» Records to process:
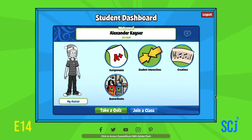First let me remind you how to get into your Quaver account. Go to apps.rusd.org, log in with your S number and password, find the Quaver button and click on it, and then you should see this screen.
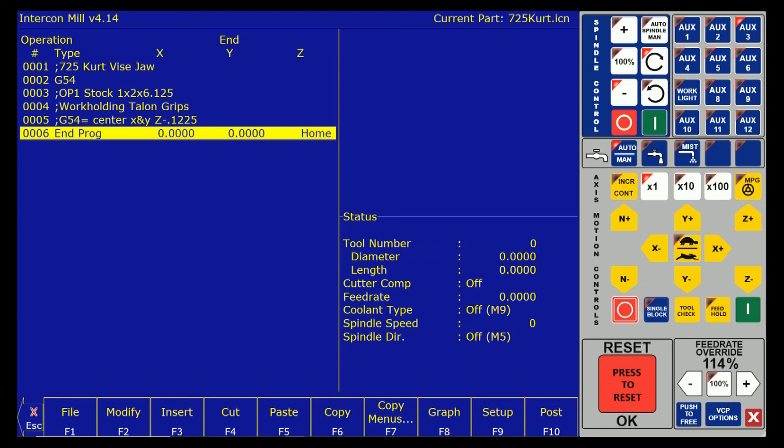My file name is 725curt.icn. That is the conversational file name. I haven't generated any g-code yet so I only have a .icn.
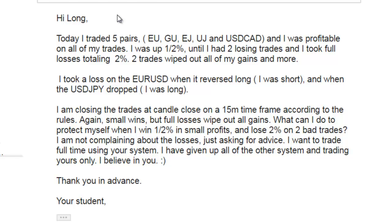I was up one to two percent, until I had two losing trades totaling two percent in full losses. Those two trades wiped out all of my gains and more. I took a loss on the Yen when it reversed — I was short — and on the Dollar Yen when it dropped, I was long.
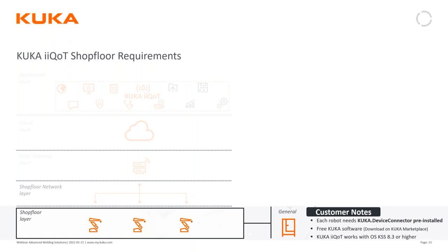Some important technical notes: IQOT functionality works with robot operating system KSS 8.3 or higher. Each robot needs KUKA Device Connector pre-installed, which is not as complicated as it sounds since robots today are always delivered with this software pre-installed. To get access to IQOT, go to my.kuka.com and find the marketplace, where you can order IQOT — the order sum is zero. The only potential cost is the gateway you choose to add.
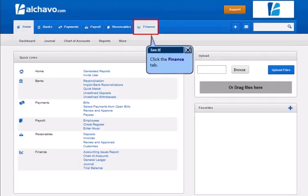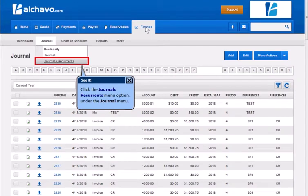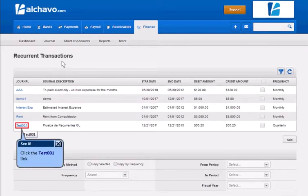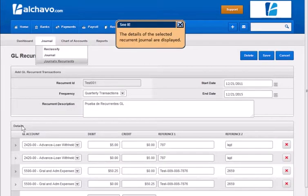Click the Finance tab. Click the Journal's Recurrence menu option under the Journal menu. Click the link. The details of the selected recurrent journal are displayed.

» Work to be completed:
Copy out all the records exactly, excluding pictures.

» Result for this task:
First let me remind you how to get into your Quaver account. Go to apps.rusd.org, log in with your S number and password, find the Quaver button and click on it, and then you should see this screen.
My file name is 725curt.icn. That is the conversational file name. I haven't generated any g-code yet so I only have a .icn.
I was up one to two percent, until I had two losing trades totaling two percent in full losses. Those two trades wiped out all of my gains and more. I took a loss on the Yen when it reversed — I was short — and on the Dollar Yen when it dropped, I was long.
Some important technical notes: IQOT functionality works with robot operating system KSS 8.3 or higher. Each robot needs KUKA Device Connector pre-installed, which is not as complicated as it sounds since robots today are always delivered with this software pre-installed. To get access to IQOT, go to my.kuka.com and find the marketplace, where you can order IQOT — the order sum is zero. The only potential cost is the gateway you choose to add.
Click the Finance tab. Click the Journal's Recurrence menu option under the Journal menu. Click the link. The details of the selected recurrent journal are displayed.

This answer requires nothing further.